"""

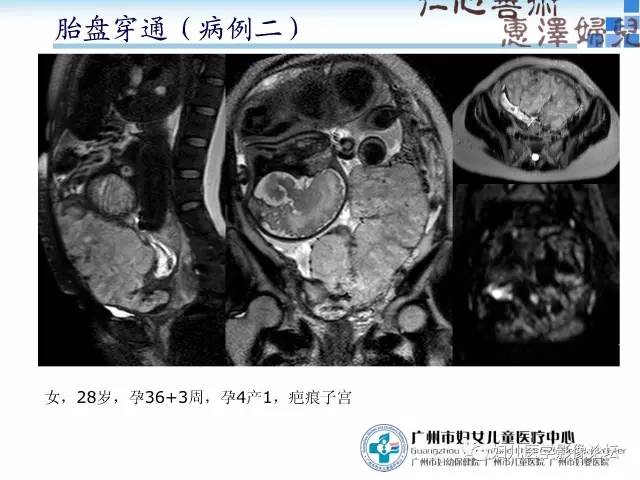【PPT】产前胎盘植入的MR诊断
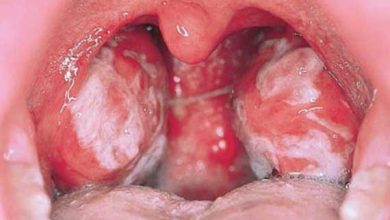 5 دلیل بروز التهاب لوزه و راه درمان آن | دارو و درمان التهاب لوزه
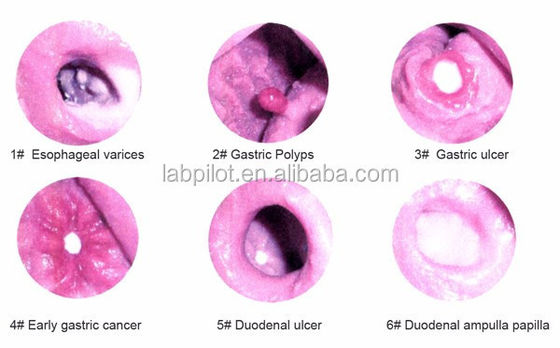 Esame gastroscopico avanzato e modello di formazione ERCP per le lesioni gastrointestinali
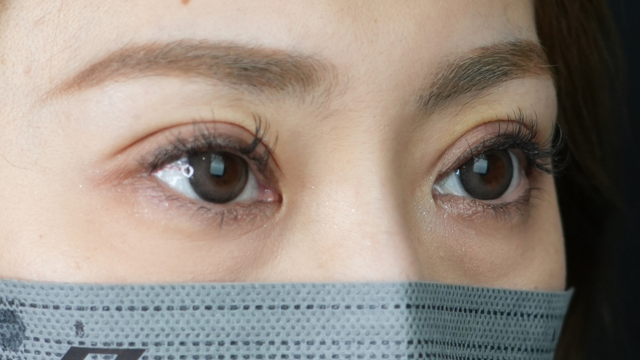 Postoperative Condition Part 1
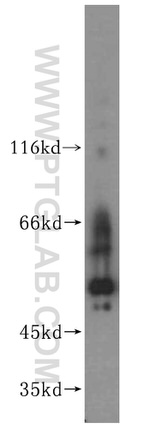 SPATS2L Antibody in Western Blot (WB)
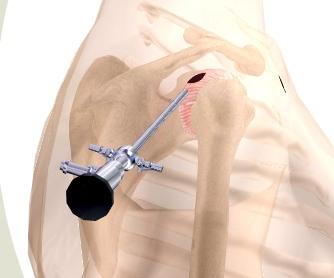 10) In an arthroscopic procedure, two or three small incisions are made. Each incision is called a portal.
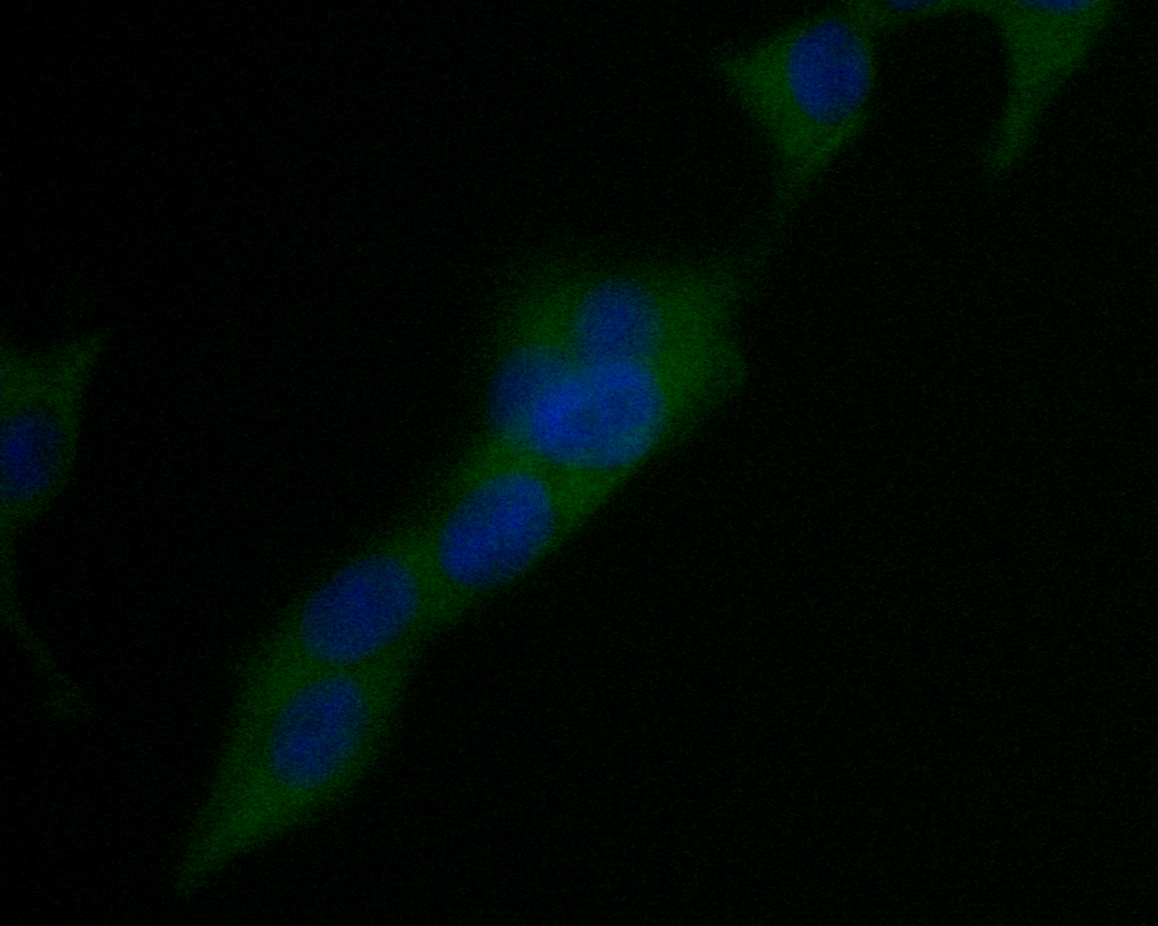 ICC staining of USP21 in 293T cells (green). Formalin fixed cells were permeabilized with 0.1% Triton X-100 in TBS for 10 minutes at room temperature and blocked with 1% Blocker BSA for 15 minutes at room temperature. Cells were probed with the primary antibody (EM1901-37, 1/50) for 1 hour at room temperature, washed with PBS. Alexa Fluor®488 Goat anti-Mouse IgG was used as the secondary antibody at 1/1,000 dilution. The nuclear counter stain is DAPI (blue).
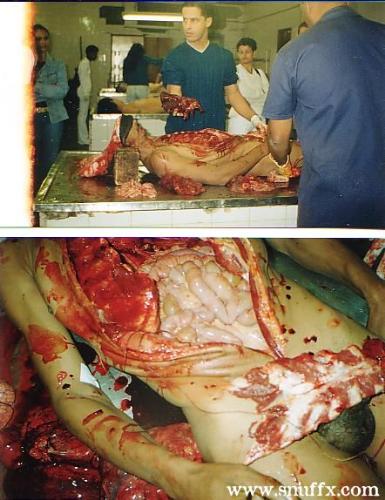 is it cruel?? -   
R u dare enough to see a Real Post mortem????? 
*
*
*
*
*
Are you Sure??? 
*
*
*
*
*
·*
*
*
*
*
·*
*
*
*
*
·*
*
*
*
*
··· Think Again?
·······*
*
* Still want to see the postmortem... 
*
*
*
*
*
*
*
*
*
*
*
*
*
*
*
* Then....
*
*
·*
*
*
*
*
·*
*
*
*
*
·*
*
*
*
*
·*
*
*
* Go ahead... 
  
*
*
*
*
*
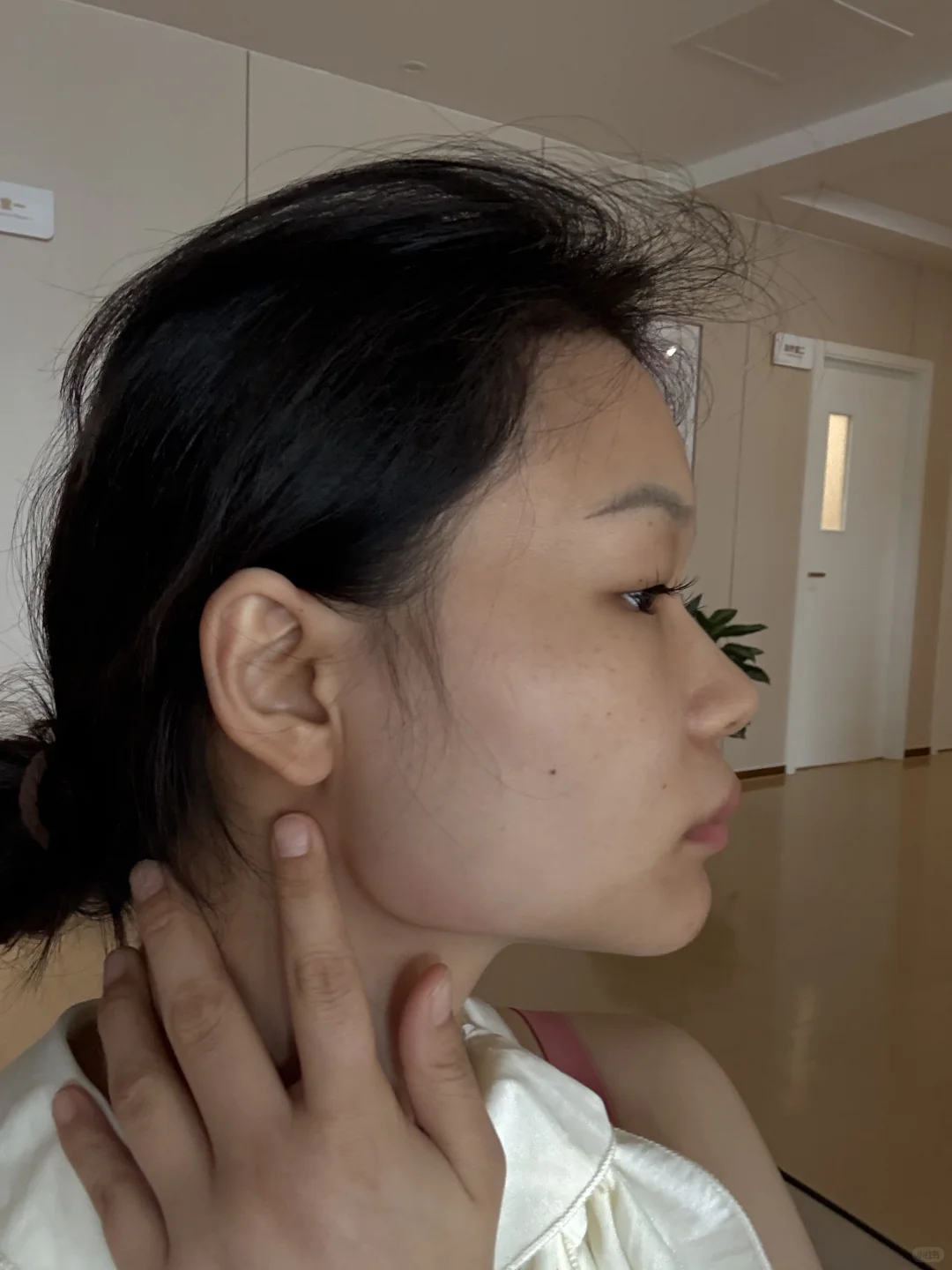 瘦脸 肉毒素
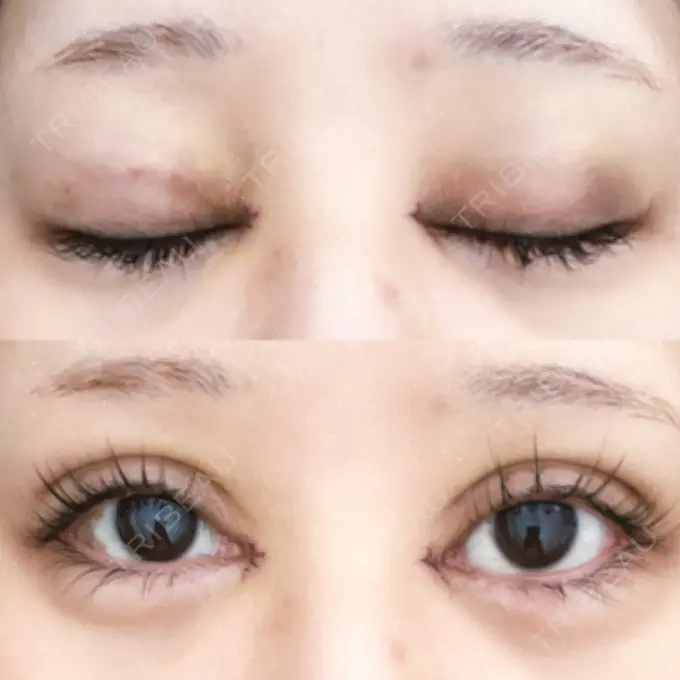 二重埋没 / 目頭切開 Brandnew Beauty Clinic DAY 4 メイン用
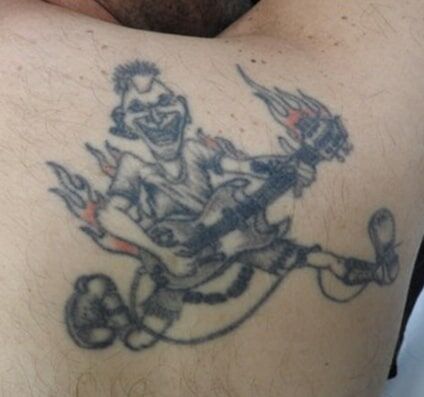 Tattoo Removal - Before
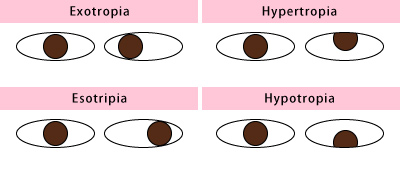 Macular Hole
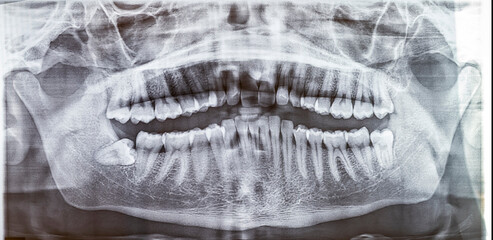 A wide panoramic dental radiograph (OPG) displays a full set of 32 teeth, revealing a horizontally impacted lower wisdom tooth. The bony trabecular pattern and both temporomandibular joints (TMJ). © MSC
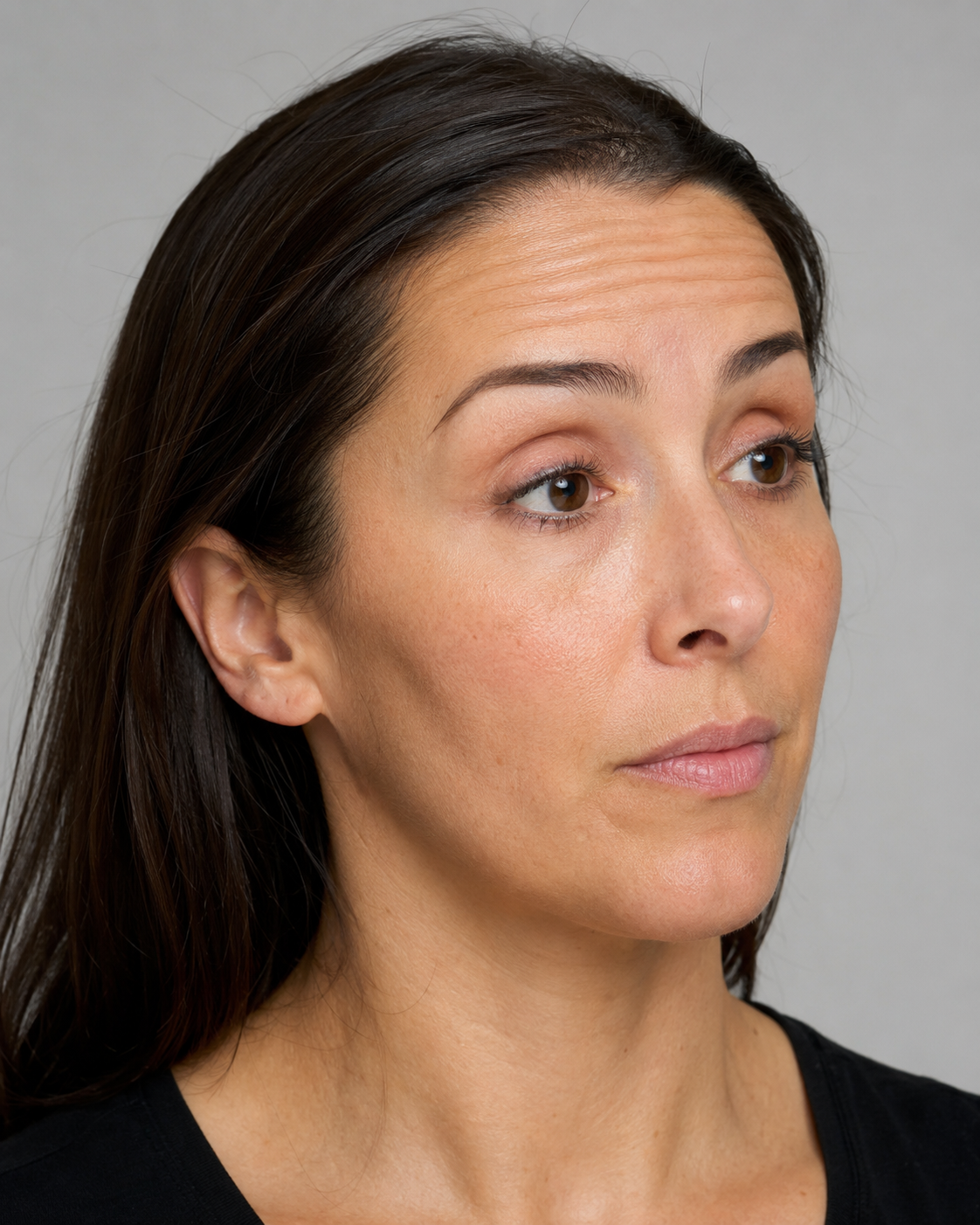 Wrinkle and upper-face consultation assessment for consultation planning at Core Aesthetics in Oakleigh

"""

# [Activity]
Would you please set down the listing above exactly, minus its images?

# [Answer to the exercise]
【PPT】产前胎盘植入的MR诊断
 5 دلیل بروز التهاب لوزه و راه درمان آن | دارو و درمان التهاب لوزه
 Esame gastroscopico avanzato e modello di formazione ERCP per le lesioni gastrointestinali
 Postoperative Condition Part 1
 SPATS2L Antibody in Western Blot (WB)
 10) In an arthroscopic procedure, two or three small incisions are made. Each incision is called a portal.
 ICC staining of USP21 in 293T cells (green). Formalin fixed cells were permeabilized with 0.1% Triton X-100 in TBS for 10 minutes at room temperature and blocked with 1% Blocker BSA for 15 minutes at room temperature. Cells were probed with the primary antibody (EM1901-37, 1/50) for 1 hour at room temperature, washed with PBS. Alexa Fluor®488 Goat anti-Mouse IgG was used as the secondary antibody at 1/1,000 dilution. The nuclear counter stain is DAPI (blue).
 is it cruel?? -   
R u dare enough to see a Real Post mortem????? 
*
*
*
*
*
Are you Sure??? 
*
*
*
*
*
·*
*
*
*
*
·*
*
*
*
*
·*
*
*
*
*
··· Think Again?
·······*
*
* Still want to see the postmortem... 
*
*
*
*
*
*
*
*
*
*
*
*
*
*
*
* Then....
*
*
·*
*
*
*
*
·*
*
*
*
*
·*
*
*
*
*
·*
*
*
* Go ahead... 
  
*
*
*
*
*
 瘦脸 肉毒素
 二重埋没 / 目頭切開 Brandnew Beauty Clinic DAY 4 メイン用
 Tattoo Removal - Before
 Macular Hole
 A wide panoramic dental radiograph (OPG) displays a full set of 32 teeth, revealing a horizontally impacted lower wisdom tooth. The bony trabecular pattern and both temporomandibular joints (TMJ). © MSC
 Wrinkle and upper-face consultation assessment for consultation planning at Core Aesthetics in Oakleigh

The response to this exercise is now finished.